Правильными я бы назвал и духовные интуиции народа. Почитание святынь, на мой взгляд, – не "язычество", а естественное для всех проверенных жизнью религиозных традиций понимание того, что Бог общается с нами, живущими в материальном мире, в том числе через материальные вместилища Своей благодати. Христос, ставший человеком, дает нам Свою Плоть и Свою Кровь – главную святыню христианства, вполне материальную. Более того, Он по-разному говорит с разными людьми – с кем-то через толстые книги и сложные слова, заставляющие напряженно работать пытливые умы, а с кем-то через солнечный свет, улыбку простой верующей женщины, несколько абзацев евангельской притчи, неожиданное чудо, святыню, способную пробудить простую, но искреннюю веру. И людей, слышащих именно это, большинство. Нам такая реальность может не нравиться, но Бог о ней знает.
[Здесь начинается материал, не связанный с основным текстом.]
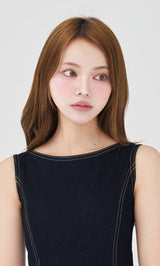 モデル：163cm（着用サイズ：FREE　着用カラー：IND）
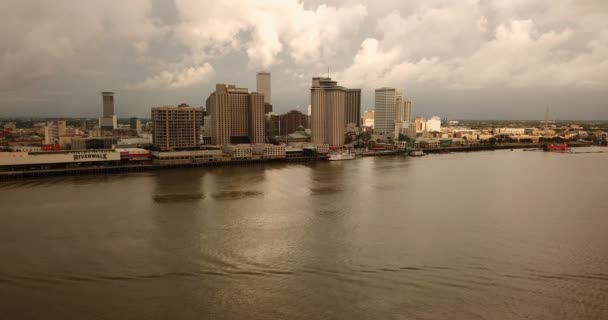 Aérea Nueva Orleans Sobre Río Misisipi Paseo Marítimo Del Centro — Vídeo de stock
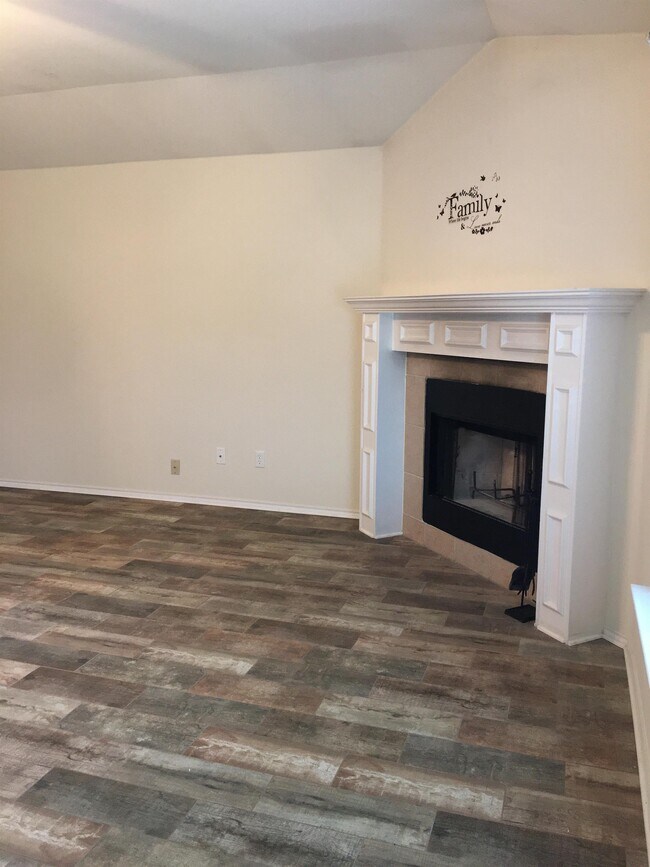 Building Photo - 105 E Great Plains Trail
Со многими Господь говорит и через общественное действие. Не случайно большинство народов, включая наш, стали христианскими именно вследствие решений, принятых властью и воспринятых обществом. На призыв Христа отвечают не только индивидуумы, тем более "анонимные", как предполагает Андрей Сергеевич, но и целые народы. Соглашусь со своим многолетним добрым собеседником Кшиштофом Занусси в том, что вера не должна инструментализироваться в угоду власти. Но вот с тем, что это "грех Константина", я все-таки не согласен. Когда власть, Церковь и народ вместе придерживаются евангельских идеалов – это не только не "грех", это вершина христианского устроения общества, и именно так мыслило большинство святых, древних и недавних. Да, идеал симфонии подчас искажался – то ради греховного стремления духовенства к мирской власти, то ради не менее опасного стремления подчинить Церковь чисто земным интересам, интересам власть имущих или оппозиционеров. Но отказываться от этого идеала – значит отказываться от самой сути христианского общественного наследия, подневольное забвение которого приводит в тупик многие западные христианские общины и в возвращении к которому – их шанс на новую жизнь.
Как ни странно, я бы не хотел делать из этих размышлений какие-то выводы. В любом случае наш нынешний диалог, диалог верующих и неверующих, надо продолжать. И хорошо, если его итогом будет хотя бы признание друг за другом права предлагать обществу – не только российскому, но и мировому, безо всякой изоляции – свои пути устроения жизни и определения места в ней религии. Без попыток начать разговор с того, чтобы отказать одному из мировоззрений в праве если не на жизнь, то на общественное влияние. А там посмотрим... Пусть история рассудит, что у кого получится.